HAVE YOU HEARD that Guardian Glass is seeking a modification to its existing Payment in Lieu of Tax (or PILOT) agreement with the City’s Industrial Development Agency (IDA)?
The City IDA has received a request from Guardian to extend its PILOT agreement and modify the payment schedule, which will enable them to complete a significant investment at the Geneva plant, currently located on Forge Avenue in the Geneva Industrial Park. Here are some fast facts on the proposal:
- A Payment in Lieu of Tax agreement is a relationship between an employer and the City’s IDA, whereby, in exchange for significant investment and employment, they agree to a modified tax payment structure.
- Guardian Glass is in year 20 of an agreement, which was originally negotiated in 1997. Their original agreement called for taxes to be paid on the value of land only for a period of time, followed by a “ramping up” of tax payments to full taxability at the conclusion of the agreement.
- In exchange for that agreement, Guardian invested $100 million and employs approximately 300 people at the Geneva location.
- Due to heavy production and natural wear on the equipment, Guardian’s main production component, its large furnace, is due to be replaced this year. This replacement requires over $60 million in new investment.
- Guardian’s corporate ownership made it clear that the Geneva plant would be competing with other plants around the country for this investment. That competition would be based on the cost of doing business at each plant. Without the furnace replacement, the Geneva plant’s future was uncertain.
- Guardian proposes to extend the current agreement by twelve years, to lock in the 2016 tax payment for a period of five years, and to ramp up to full taxability by 2035.
- The net new economic impact of construction is over $25 million and nearly 140 jobs. The annual operating impact is over $100 million and nearly 300 jobs.
- The IDA will host a public hearing to take comments on the proposal. When that hearing is scheduled, it will be advertised in the Finger Lakes Times and on the City’s website.
- The IDA will consider approval of the agreement at its March 21st regular meeting.
Have You heard that City of Geneva water bills are now due in four weeks instead of six?
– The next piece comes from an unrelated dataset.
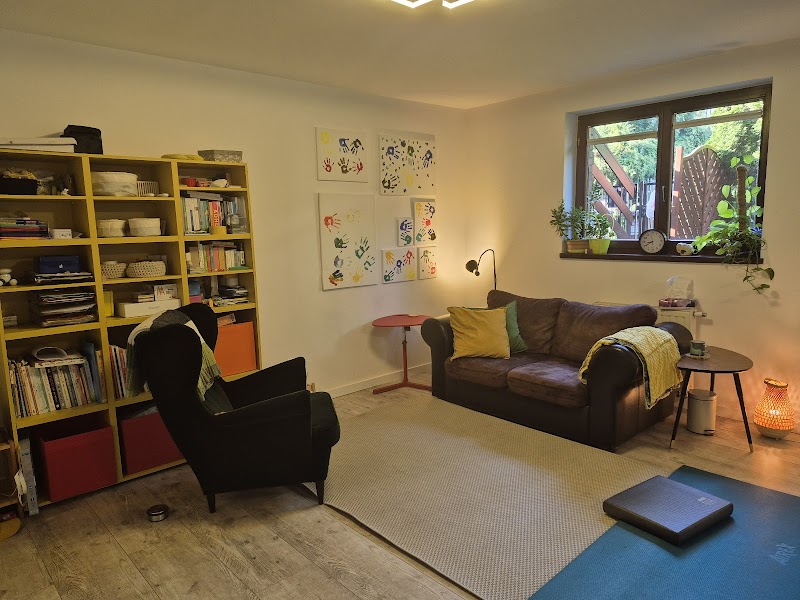 W Rytmie Uważności - Mindfulness Poznań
This is correct. Council decided at their December 2016 meeting to return to the four week schedule for water payments. Bills come out January (due date January 31st), April (due date May 1st), July (due date July 31st), and October (due date October 31st). Bills can be paid through the mail at PO Box 313, Geneva, NY 14456 or in person at Lyons National Bank in Geneva for the first two months of each billing cycle. Questions may be directed to the City Comptroller’s Office at 315-789-2114.
Have you heard that there is a difference between property tax and assessed value?
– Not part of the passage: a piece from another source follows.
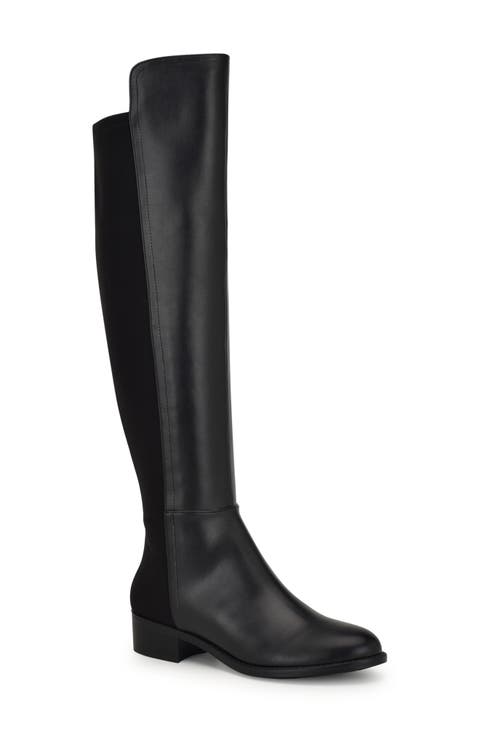 Nayli Knee High Boot (Women)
In 2016, the City of Geneva, as required by state law, conducted a real property assessment of all properties within our boundaries. Overall, property values increased by 4.13%. This is an aggregate number, as while many properties did increase in value, some stayed the same, and some even decreased. All property owners received a notice of the impact of the reassessment via the U.S. Mail. If you did not receive a notice, please contact the City Assessor’s Office 315-789-0091 for a copy.
The Assessed Value is only part of the equation that goes into calculation of your annual property tax—another being the tax rate. For 2017, City Council held the City’s tax rate even, with no increases. If your property value increased, your City tax payment would increase. If it decreased, your City tax payment would go down.
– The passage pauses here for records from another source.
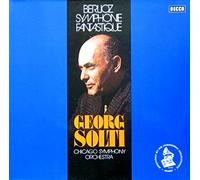 Hector Berlioz - Symphonie Fantastique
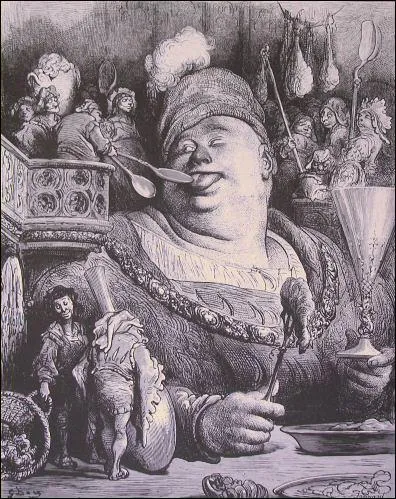 Qui a crit 'Gargantua' ?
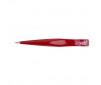 Hollow Point Tweezers (Red)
Have you heard that not many properties are “off the tax roll” make payments each year?
In many conversations around Geneva, you may have heard the phrase “60% of our property is off the tax rolls.” This could be interpreted as a true statement, but it offers a very incomplete picture of the financial impact of tax-exempt properties. In terms of number of parcels, 57.35% of our parcels are considered “wholly exempt” from property taxes. However, many of those properties are sites like City Hall, Neider Park, and the Lakefront Playground—the City has over 40 parcels that are for municipal use. Additionally, properties that have entered into agreements with our Industrial Development Agency to help spur development are considered “wholly exempt, while they make annual payments. Places like the Lakefront Ramada ($246,000/year), and the Hampton Inn ($151,000/year) help to support operations. It would be difficult to say that a company like Zotos International ($129,000/year) is a burden on the taxable status of the City. In total, the City receives over $1.1 million annually from wholly exempt properties.